Posted by: JFM || 03/06/2009 2:35 Comments || Top||


Terror Networks
Let's put Iran back to 1850s
The "Money Shot":
But what if we turned the tables? Iran's most dangerous weapons are all dependent upon the same computer-driven systems as ours. Their nuclear plants, uranium enrichment systems, missile launch systems, radar control, etc. are all as vulnerable to the EMP destruction of microchip-driven computers as ours are.

So, why sit around and wait for our known enemies to put us technologically into the 1850s? I think we should "do unto them before they do unto us." In the final analysis, such an act of boldness would save millions of lives on both sides. Israel, I especially hope you are listening.
Posted by: Uncle Phester || 03/06/2009 08:18 || Comments || Link || [0 views] Top|| File under:

#1  Hal Lindsey even looks like Barney Miller.
Posted by: Jack is Back! || 03/06/2009 11:01 Comments || Top||

#2  I call BS on the EMP scare. The B-29 aircraft that delivered the atomic weapons at Hiroshima and Nagasaki did not lose power due to damage to their electrical or electronic systems. Some systems may be affected, but odds are most stuff will still work fine. Anything shielded with metal mesh is well protected, I suspect the steel rebar in most concrete buildings would be sufficient.
Posted by: Scooter McGruder || 03/06/2009 11:14 Comments || Top||

#3  The B-29 was pretty much an 'analog' device, switches, wires and 'hard contacts' like relays, solenoids, etc. Not really adversely affected by magnetic pulses (except maybe solenoids and relays for the duration of the pulse) when enclosed in a ferrous container and properly grounded.

The newer electronics utilize ICs, MOSFETs and the like for switching and controlling power. These gizmos really don't like large magnetic pulses as these induce 'extra electron flow' in semiconductor substrates that aren't designed to handle them, unless specifically made to do so which most commercial-market devices aren't. The mesh will help, but it wouldn't be 100% effective for the first few microseconds if the device activated next to it.

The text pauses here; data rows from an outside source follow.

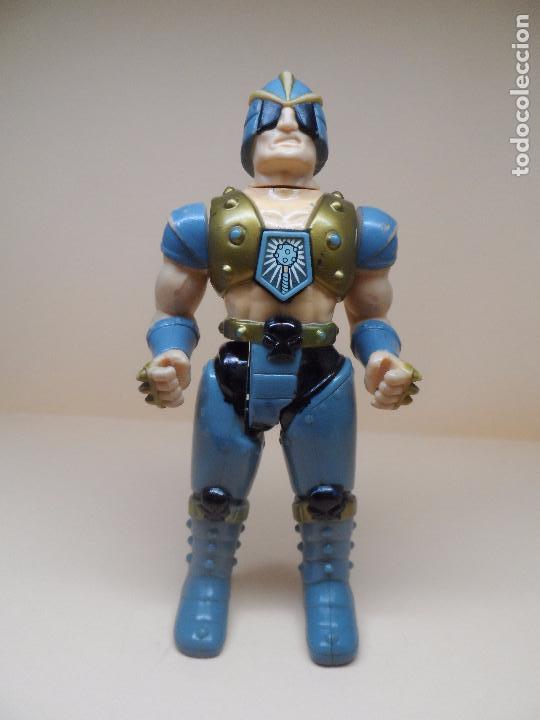 Figuras de acci&oacute;n: FIGURA KARATE FIGHTERS REX HAVOC 1996 - Foto 1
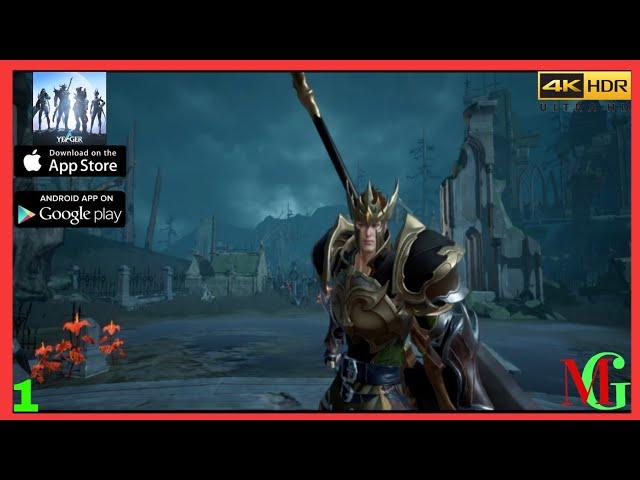 yeager hunter legend gameplay  Yeager (Android app iOS app) Yeager Gameplay 4k ultra HD video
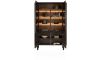 Henders & Hazel - Ravello - Buffetschrank 150 cm - 2-Türen + 2-Glastüren (+ LED)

A relay, mechanical switch or 'hard wire connection' can withstand a short 'surge' of electrons, but a standard semiconducting device can't.

After a big EMP burst, I'll still be driving my '79 1-ton analog pickup (took out the HEI ignition a few years back and replaced with a 'point' system) while my neighbors nice new EFI vehicles with LCD Dashboards will be dead in the water.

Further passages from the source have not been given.